La contestation prenant ainsi de l’ampleur, l’actuel président de la maison de la presse et son bureau ont initié une réunion le jeudi 2 juin dernier a laquelle ont pris part l’ensemble des directeurs de publications, pour d’amples explications . Aux dire du président Bandiougou Danté, et sur la base des documents montrés a l’assemblée le jour de cette réunion, C’est bien un total de 602.591.950 francs CFA qui a été versé dans les comptes de la maison de la presse entre 2018 et 2021, et qui se décline comme suit : 71.250.000 FCFA versés en 2018, 290 millions de CFA en 2019. Le cumul de ces deux montant ( soit 361.250.000 FCFA) ayant été reparti entre les radios à travers l’URTEL (150 millions), aux journaux à travers l’ASSEP (150 millions), et à la maison de la presse a raison de 61.250.000 francs CFA.

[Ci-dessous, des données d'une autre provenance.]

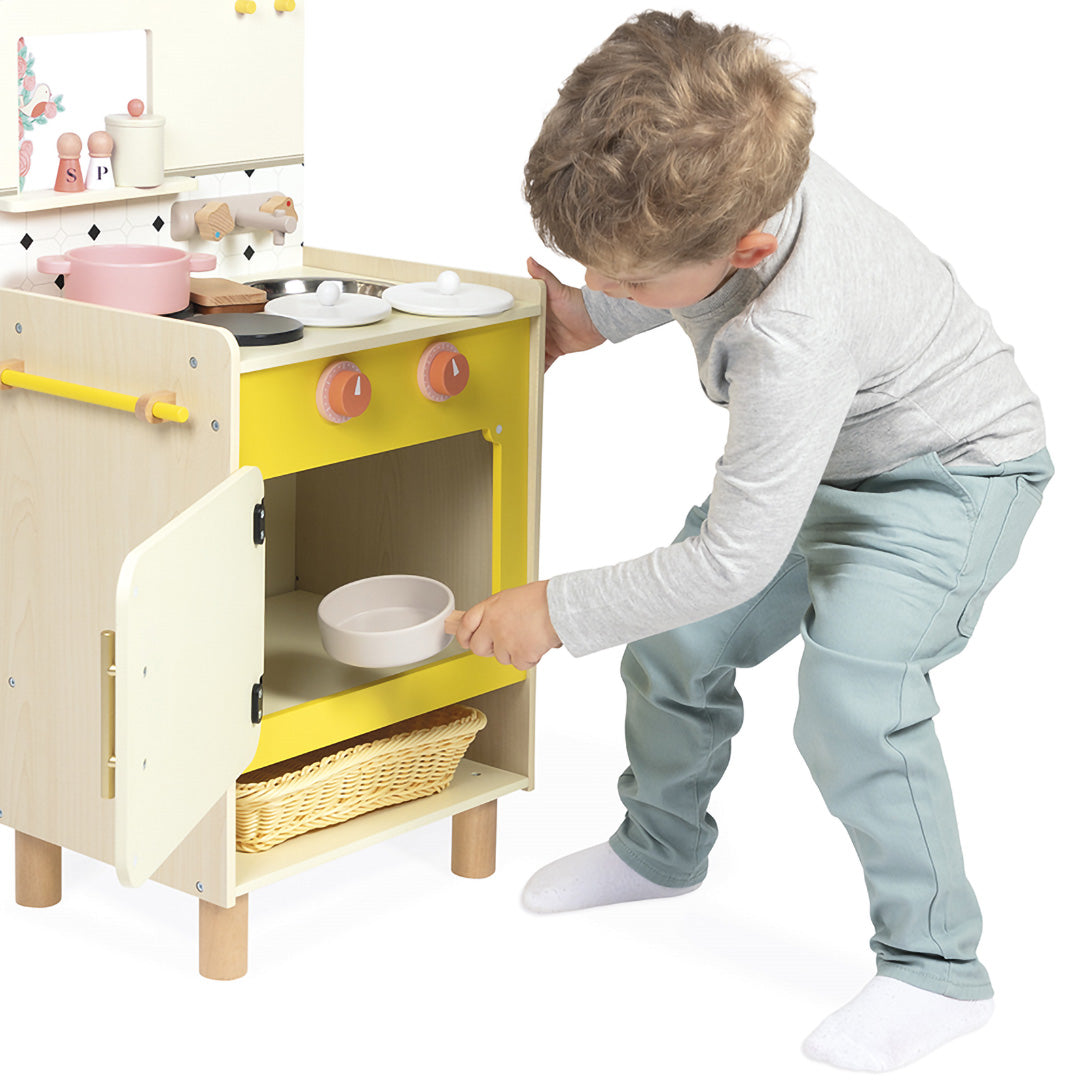 Janod kinderkeuken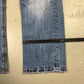 2000's Rock Revival Straight/Baggy Jeans *rare 36x30 (XL) - Lennys Vintage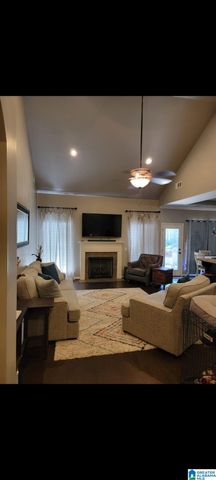 6051 MOUNTAIN VIEW TRACE, Trussville, AL 35173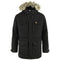 Fjallraven Nuuk Men's Parka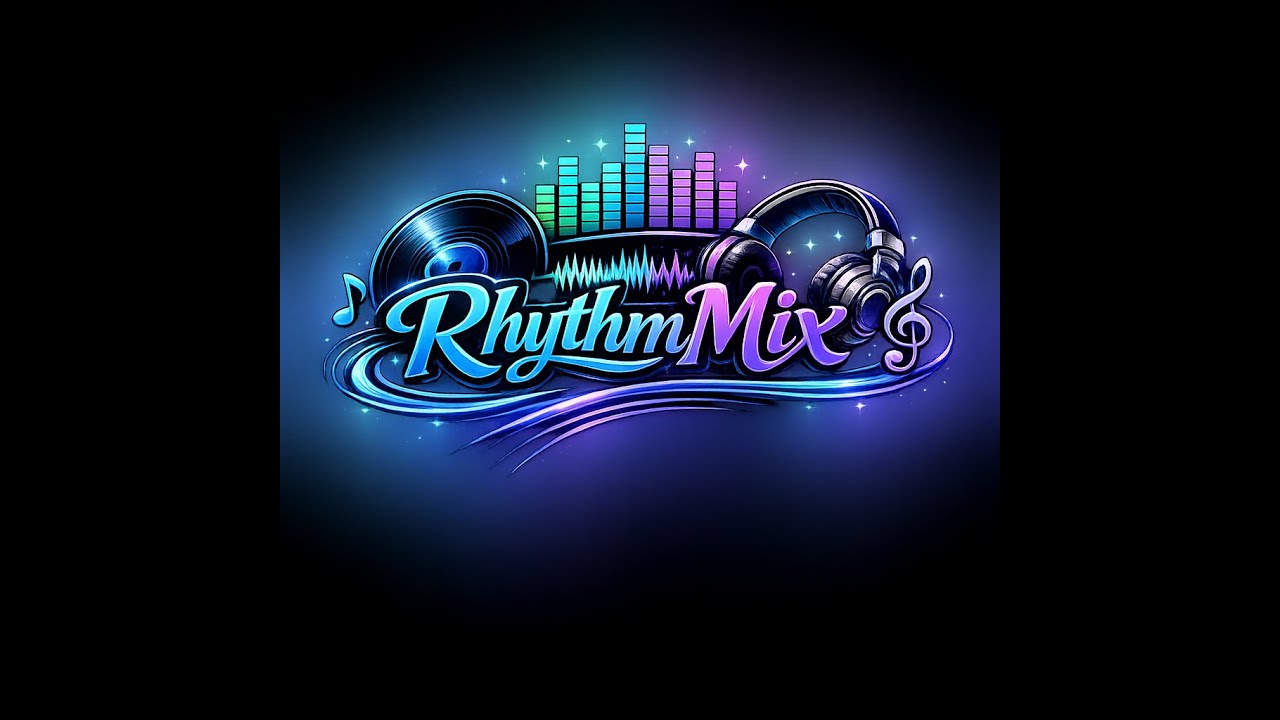 RhythmMix - After the Strobe Fades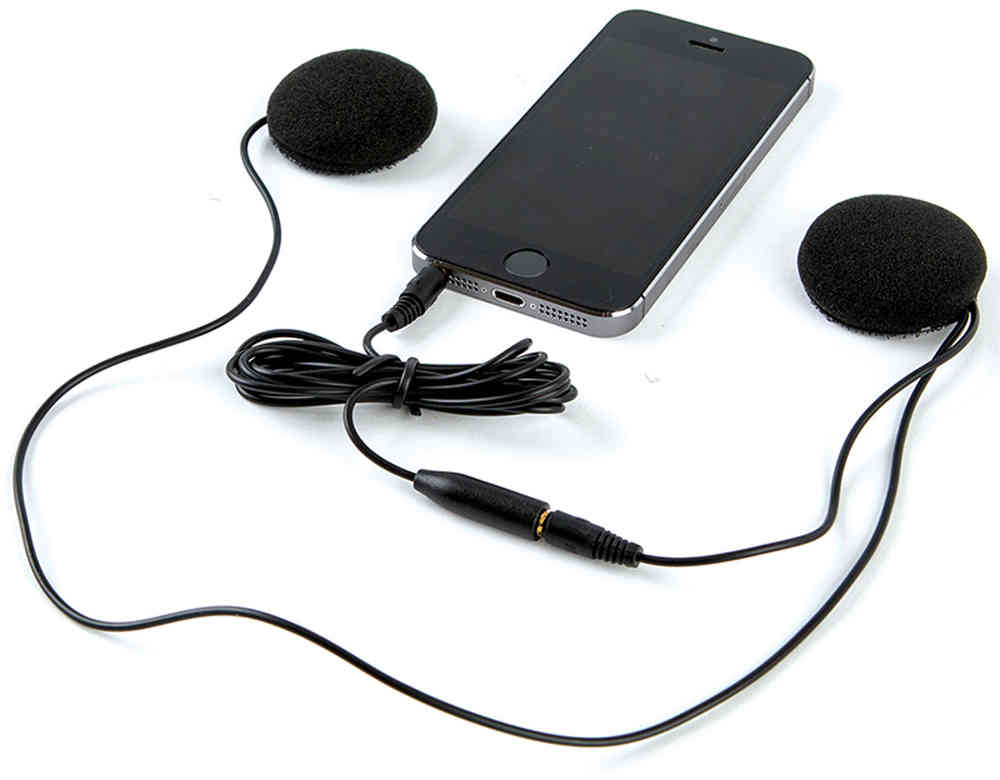 UCLEAR Pulse HD10 Wired Zestaw głośników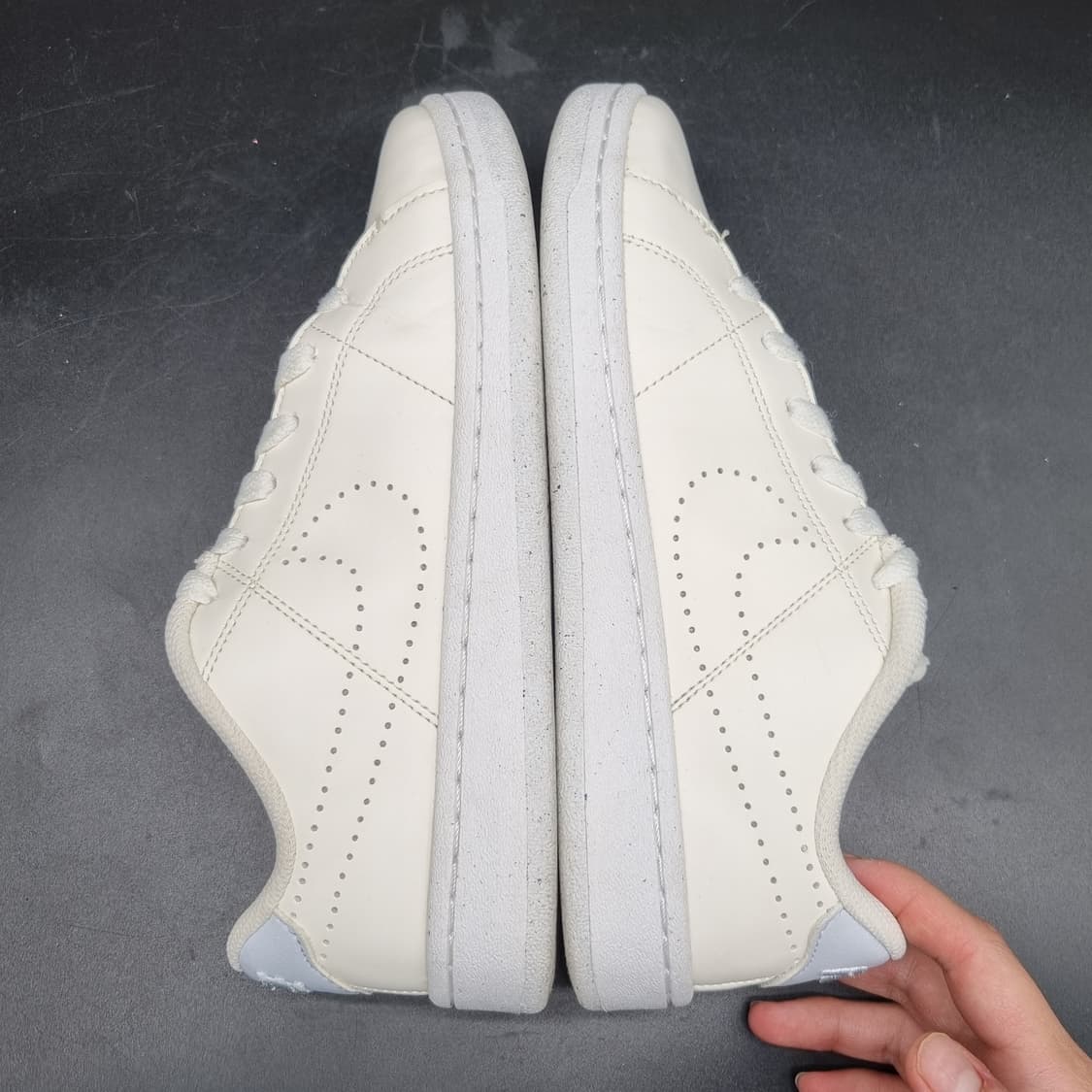 나이키 코트로얄2 여성스니커즈235 상품이미지5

Pour ce qui est du reste, la maison de la presse avoue avoir perçu 105 223 550 Francs CFA en 2020 dont 50 000 000 ont été utilisés « pour l’achat de matériels audiovisuels pour la Maison de la Presse, d’équipements pour les salles de conférences, de mobiliers de bureau ». Ce montant selon la maison de la presse n’était aucunement destiné à l’aide à la Presse au titre de l’année 2020. Ainsi, pour l’aide a la presse de 2021, la maison de la presse annonce avoir perçu un total de 136.118.400 CFA payé en deux tranches par le ministère de tutelle. A bien faire le calcul c’est bien un total de 602.591.950 francs CFA qui ont été versé par l’état entre 2018 et 2021. Actuellement selon la maison de la presse, le montant disponible à nos jours serait de 191 341 950 Francs CFA. Montant qualifié d’ « insuffisant » et d’ « insignifiant » pour le président de la maison de la Presse Bandiougou Dante et son bureau composé de sept personnes.
LES ZONES D’OMBRE
Alors que nombreux pensaient que les révélations du ministre de la communication n’étaient que poudre aux yeux pour diviser les membres de cette noble corporation, bien de directeurs d’organes de presse sont tombés des nues lorsqu’ils ont découvert le poteau rose, et pour cause ! les montant annoncés ont été perçus par la maison de la presse (entre 2018 et 2021), qui a malgré tout préféré garder le silence tout comme le ministère de la communication qui a aucun moment n’a daigné faire ne serait-ce qu’un communiqué pour annoncer. Au vu de ces agissements nombreux sont ceux tenté de penser à une probable entente entre la maison de la presse et ce département ministériel dont l’actuel locataire a déclaré «Nous avons d’excellentes relations avec la maison de la presse ». Ce qui amène à se demander pourquoi jusqu’à aujourd’hui le ministère de la communication n’a pas convoqué la commission chargée de la répartition des montants alloués ? Pourquoi avoir gardé ce silence alors que les textes à ce sujet sont clairs ?
Apres des années durant lesquelles, il faut le dire, une minorité s’est accaparé les droits d’une majorité, a l’image des pratiques décriées sous le régime IBK, des directeurs d’organes de presse ont décidé de s’unir et de changer la donne. Ainsi pour continuer à défendre les droits de la presse, une association est en passe de voir le jour. Cette association qui suscite l’engouement est pour certains synonyme du « malikura » que tant bien que mal les maliens tentent de concrétiser dans tous les secteurs.
Toujours en est-il que les autorités sont vivement interpellées a plus de rigueur, à s’impliquer, et à communiquer davantage comme cela est fait pour d’autres corps de métiers.